19:03:14 <JAA> Eventually™, I'll refactor that so the actual HTTP stuff happens in a separate thread.
19:36:50 <Rootliam> I got a response from Jason Scott about yahoo video with "all I can say is all the data is up there, one way or another. There'sno other stores out there."

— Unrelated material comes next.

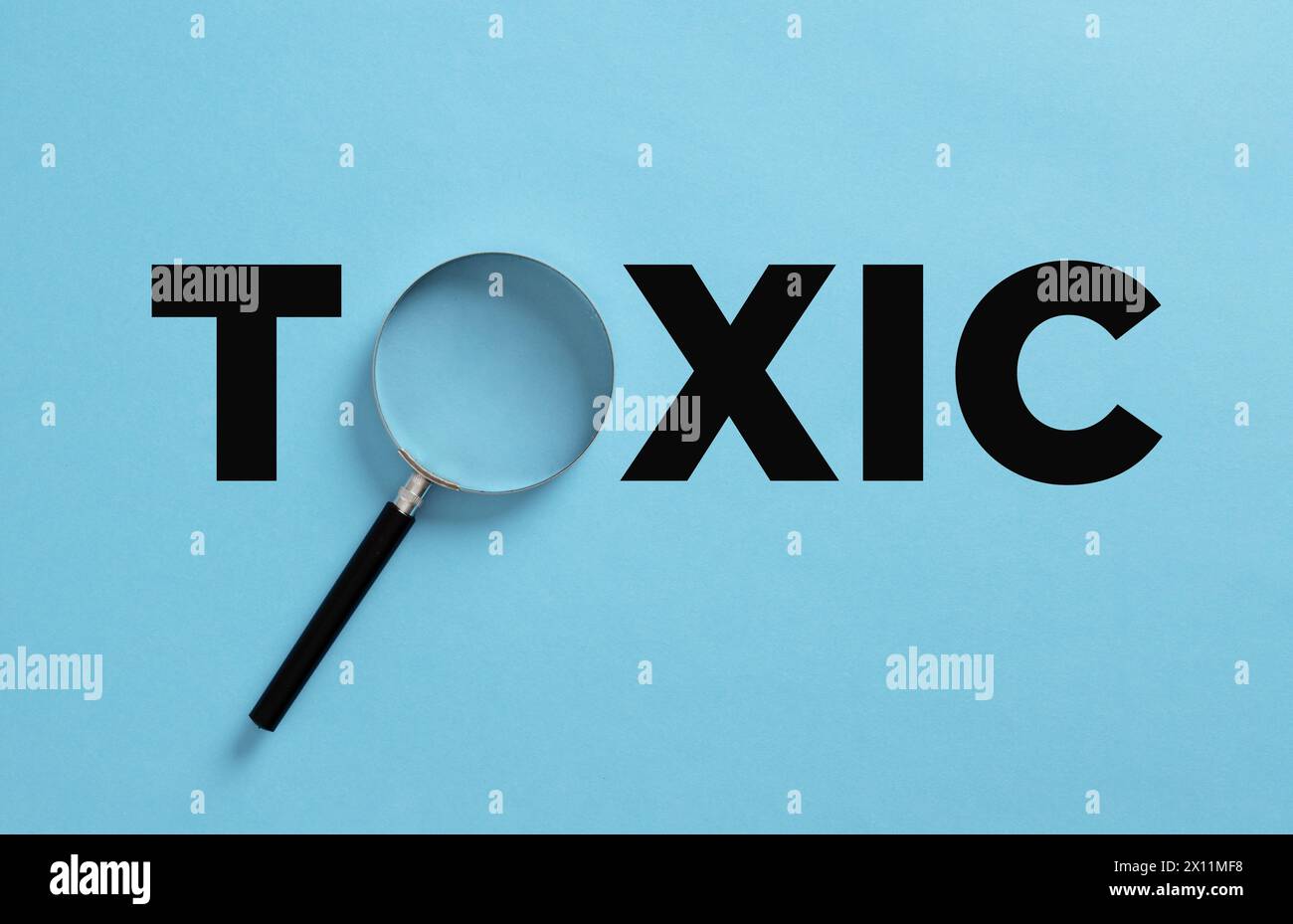 Le mot toxique avec loupe. Analyse de la toxicité. Révéler des relations toxiques dans votre vie ou votre travail. Banque D'Images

19:37:20 <Rootliam> I'm not really sure if that means it could have been mixed up with something else or if it wasn't uploaded then it's gone forever
19:37:54 <thuban> Rootliam: did you ever open that github issue?
19:38:06 <Rootliam> No but I guess I should do that soon
20:52:05 <flashfire42> Wait we are completely clogged? Like completely?
23:29:38 <flashfire42> So is it Optane9 again rewby or is it the transferring stuck?
23:32:19 <flashfire42> Ok looks like its optane9 that needs a kick if you have access to it JAA I did a test and Mediafire uses a seperate target and one of them went through fine
23:32:29 <JAA> flashfire42: Please stop.
23:33:05 <JAA> Targets are doing target things as well as they can. The situation isn't great, and everyone's aware of it.